New England Demo & Salvage
This is where we ran into a little bad luck. Our trip just happened to coincide with this salvage shop big move from their old location to the new. Their absolutely HUGE warehouse was still in the process of being filled from their old location so we didn't get to see all the goods. Their grand opening hadn't happened yet so much of their sale items were still on a truck being transported and a lot of the lighting that illuminated what they did have was yet to be installed. That said, even with a more limited inventory on display, they have an entire warehouse floor filled with clawfood tubs, old sinks, radiators and other plumbing finds. Just a sea of old plumbing to choose from here. Pretty impressive to look at. If the lights had been working, we would have probably picked out a pedestal sink or two for our house. But because of not being able to fully inspect them in the dim room, we weren't brave enough to take a chance. They have a "small" (relatively small compared to the size of this place) area that sells antiques. We didn't get a great sense of the pricing, the few things we did see prices on seemed reasonably. We'll definitely be back to check out the fully loaded store.

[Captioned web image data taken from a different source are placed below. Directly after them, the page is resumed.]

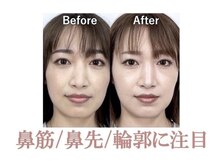 ラプリ 盛岡店(Raplit)/隆鼻＋輪郭矯正40分10回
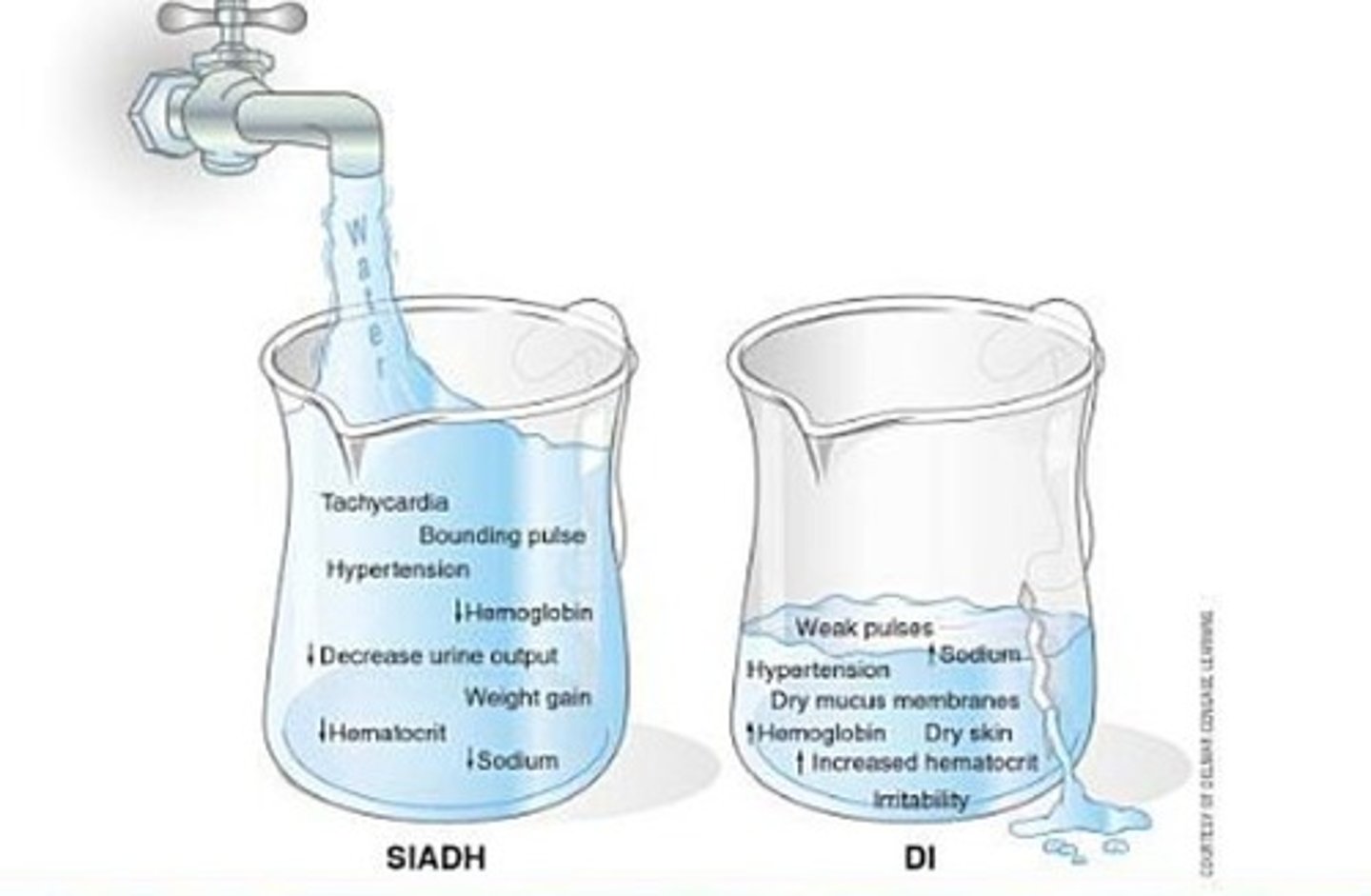 <p>high antidiuretic hormone production leads to <br>water retention<br>increased total body water<br>DILUTIONAL HYPONATREMIA<br><br>-will see signs of fluid volume overload, changes in loc, weight gain w/o edema, hypertension, tachycardia<br>-seizure precautions</p>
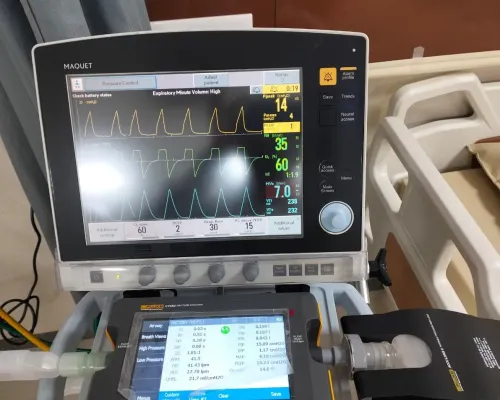 Calibration Of  Ventilaor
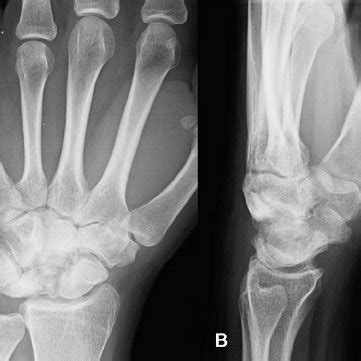 Occurrence In Of Lunate Type II With Individual Ulnar Bone Variants Download Scientific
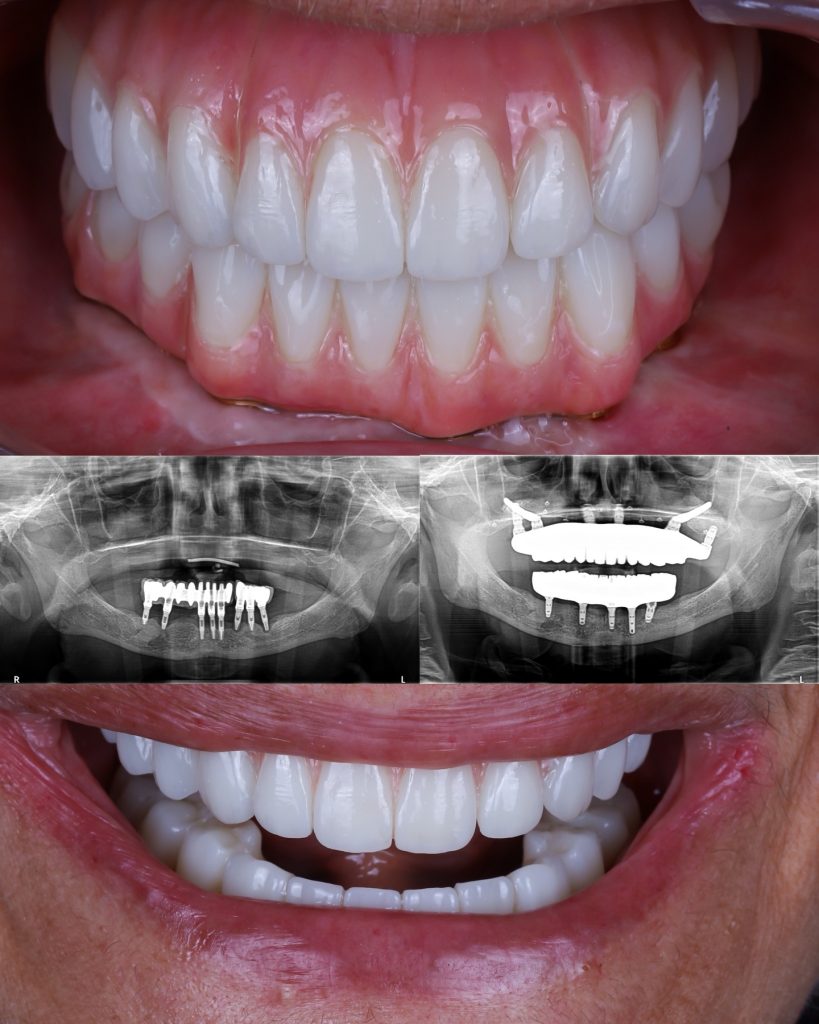 Retratamiento de implantes: antes y después de la sonrisa con radiografías, por el Dr. Alejandro Prieto en MAG Dental Madrid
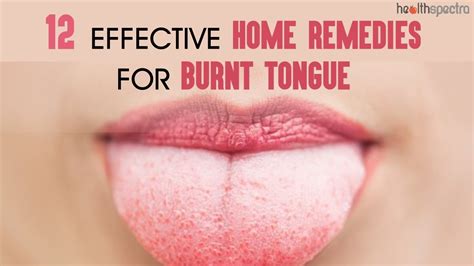 12 Effective Home Remedies For Burnt Tongue | Healthspectra - YouTube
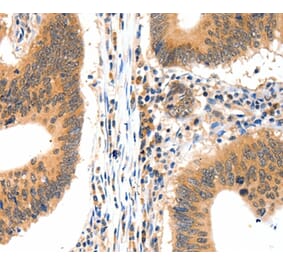 Immunohistochemistry - LRPPRC Antibody from Signalway Antibody (36960) - Antibodies.com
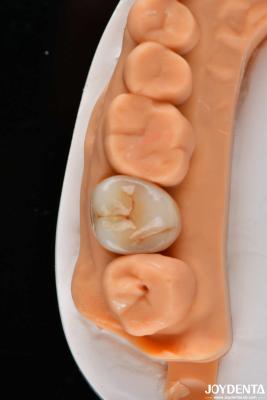 China Dental Multilayer Full Zirconia Crowns And Bridges High Translucent Natural Looking for sale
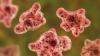 Pennsylvania Largely Avoids Foodborne Illness Outbreak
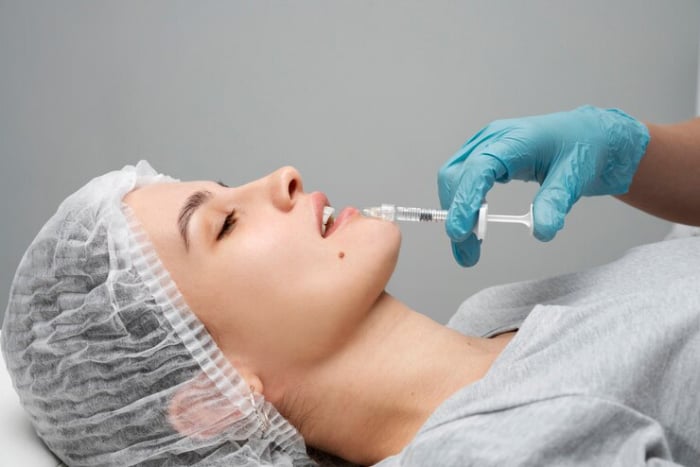 Tiêm Hyaluronidase là cách làm tan filler môi được áp dụng phổ biến nhất hiện nay.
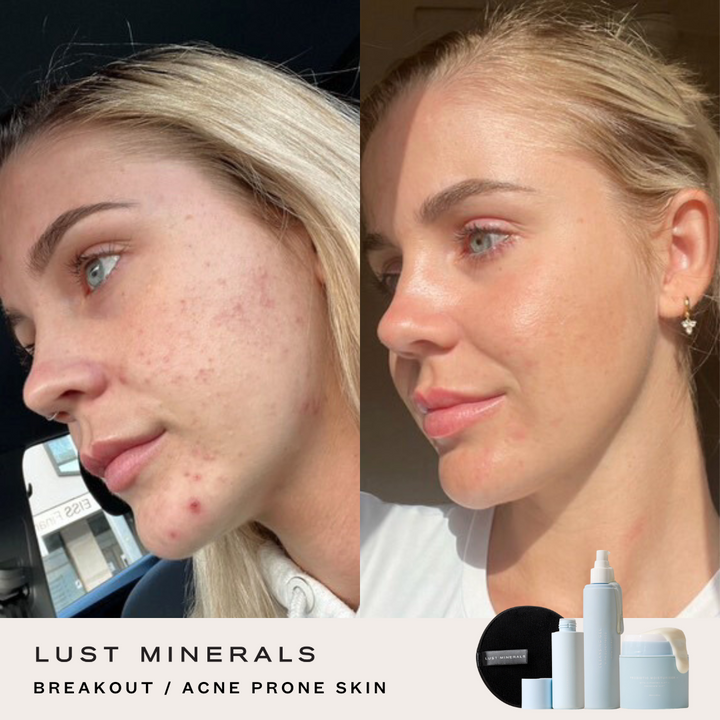 Teen Skincare System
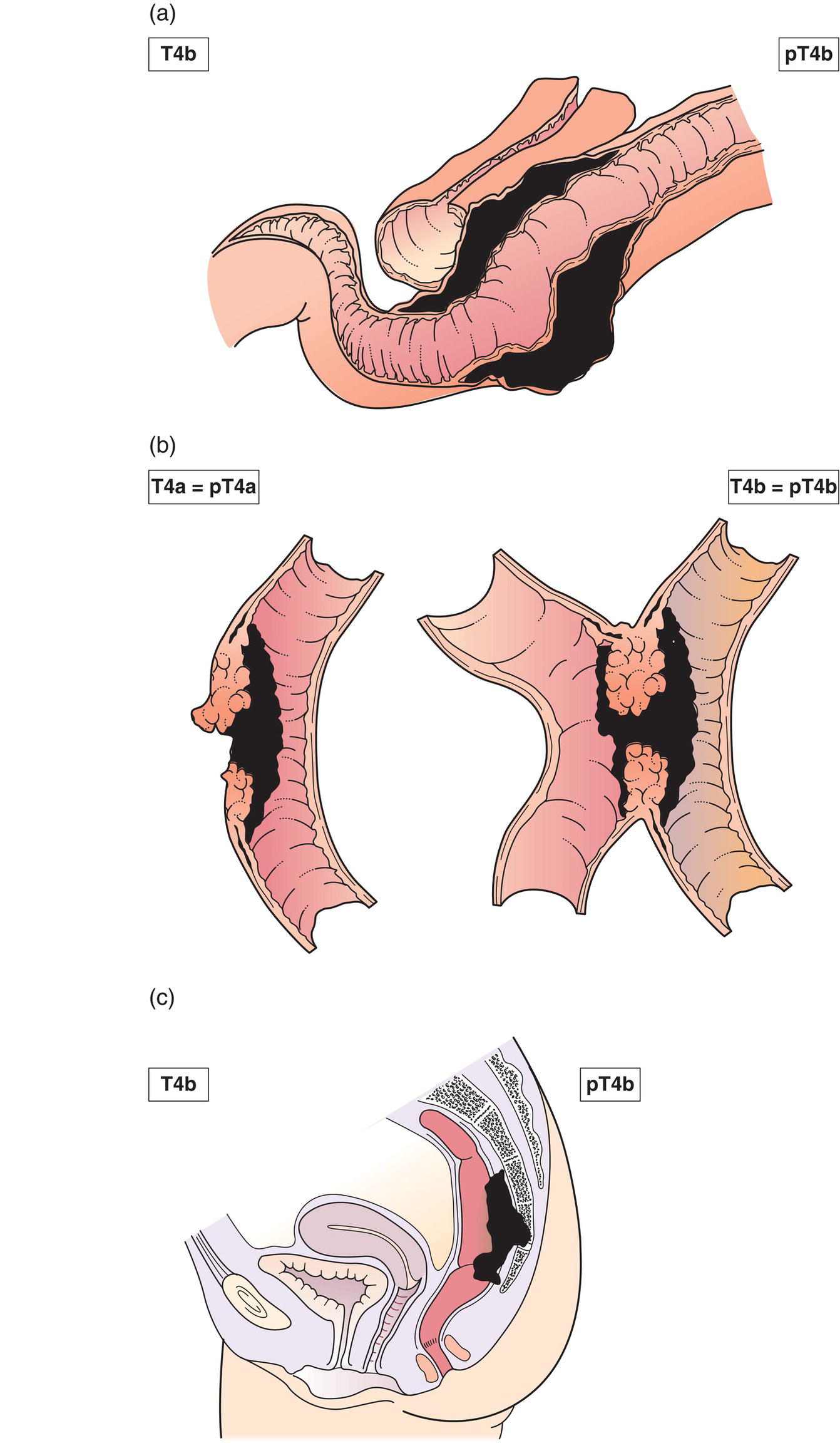 Schematic illustration of tumour directly invades other organs or structures 2,3,4 and perforates visceral peritoneum.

All in all, it was a very good trip. We came back with the light fixture and medicine cabinets mentioned above as well as decorative top to the stair newel post that is missing its head. We didn't find a pedestal sink I was searching for but that was mostly because of my fear of commitment to a sink. We have a few more things we need (that we didn't know we needed at the time due to a change in the plans) but now we know where to go the next time we head out.


  1. Anonymous10:58 AM

    Oh, I love the Kennebunk part of Maine; I didn't even know they had that many stores of this sort (although I wouldn't have since when we went we lived in a rented apartment). There are a couple of stores like these in the area I live and I always find myself disappointed by the selection and/or the price. One place was charging $1k for a Victorian claw foot tub that needed some serious loving. They can get away with it out here though since everyone wants this stuff and *someone* will buy it (just not me).

  2. Anonymous9:58 AM

    Thanks for your kind comment on my blog.. I'm in the process of reading through yours and had to comment on this fabulous post - so useful and informative, I'm thinking Jeff and I need to make a trip up to Massachusetts (closest to us in NY) and check out the last one you reviewed.. maybe make a weekend getaway of it. You've also inspired me to search for some salvage stores closer to home in NY..know of any?

  3. Purplerocks5510:26 PM

    Wow! I live right in white river junction and I love that salvage store! So cool that you have visited my area!